How do programs work? Take the University of Pennsylvania’s Perelman School. Community health workers — who are full-time hospital employees — are assigned patients. They assess patients’ needs and develop relationships spanning months. An early study of the program found patients who participate are less likely to keep returning to the hospital and have better outcomes.

Penn is betting these efforts will ultimately mean savings, so it’s investing upfront: funding the program through its own operating expenses. Some health systems are using grants from private foundations or the federal Centers for Medicare & Medicaid Services to get started. New York Presbyterian Hospital, affiliated with Columbia University, started its community health worker pilot a decade ago, using grant funding. Since then, program leaders have convinced the hospital not only to pay for the program but to expand it, citing healthier, more satisfied patients.

Hopkins got a federal grant from the Center for Medicare & Medicaid Innovation to launch its program in 2012. The funding is ending this year, but it is planning to continue anyway.

In Maryland, the state has taken steps to reform hospital payments — rewarding health systems for keeping patients healthy enough that they don’t need hospital treatment. That adds financial incentives for Hopkins and other hospitals, encouraging them to use strategies such as outreach by community health workers.

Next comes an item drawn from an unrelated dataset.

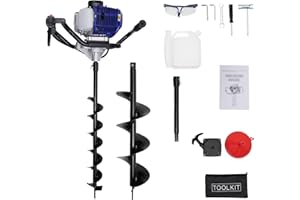 JAYEUW 52cc 2-stroke Gas Powered Earth Auger Post Hole Digger + 4", 8" Bits, 8500rpm Earth Auger Drill Ice Fishing Auger Posthole Digger Garden Auger for Fence Planting Gardening (US Stock)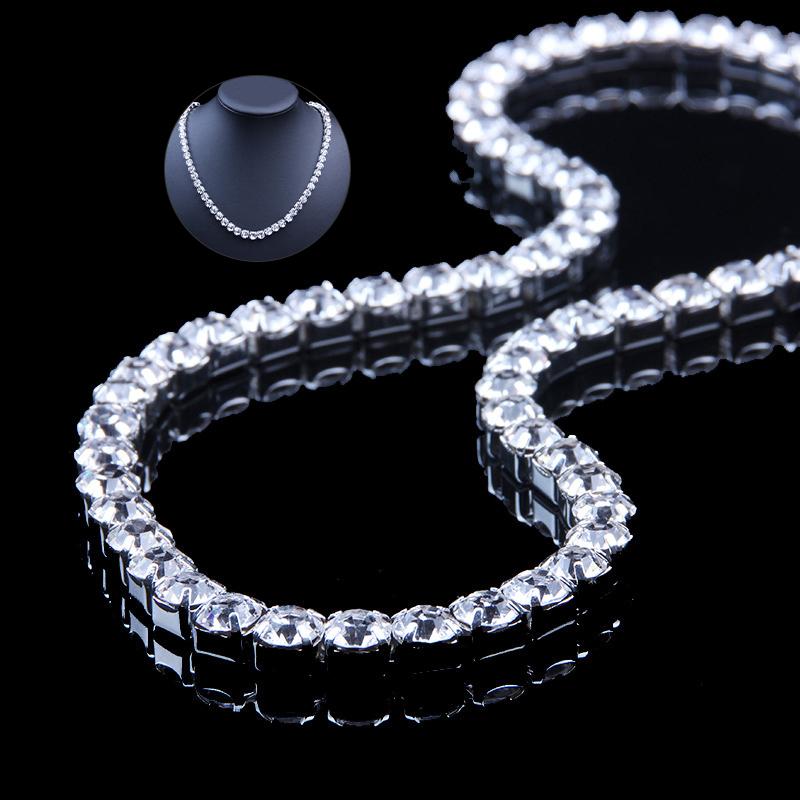 

Bridal Crystal Choker Necklace Women Wedding Accessories Chain Chokers Jewelry Collier Femme Drop Chains, Silver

Federal policies also add appeal. The University of Maryland Medical Center, in West Baltimore, for instance, started its community health worker project last year after it was penalized by Medicare for failing to meet national standards regarding how many patients it readmitted within 30 days of discharge.

The hospital’s seen readmissions drop by about half, said Zina Kendell, the program’s manager, but the program doesn’t save enough to offset the cost of running it. Still, the hospital is looking into expanding it, said Charles Callahan, vice president of population health. “We have a model we believe in,” Kendell said.

Meanwhile, state and federal regulators are grappling with how to set standards for community health workers’ training and certification.

More than 20 states have instituted regulations or created oversight committees, according to Sharon Moffatt, interim executive director of the Association of State and Territorial Health Officials.

But there’s no consensus on the best level of scrutiny for community health workers.

Take background checks, an idea that “comes up all the time,” said Carl Rush, who heads the Project on Community Health Worker Policy & Practice at the Institute for Health Policy at the University of Texas Health Science Center at Houston.

Though well-intentioned, that standard can be counterproductive, he said. “There is a legitimate argument to be made that people who have exposure with the corrections system or criminal justice generally are better-equipped to work with people” coming through community programs.

Institutions like Penn and Hopkins train workers before sending them into the field. But Missouri, the Hopkins community health worker, said knowing the city, its resources and residents matters most.

“A lot of people sit in their office and talk about how they’re all about community,” he said. “[But] when’s the last time you got into it and found out how your community works?”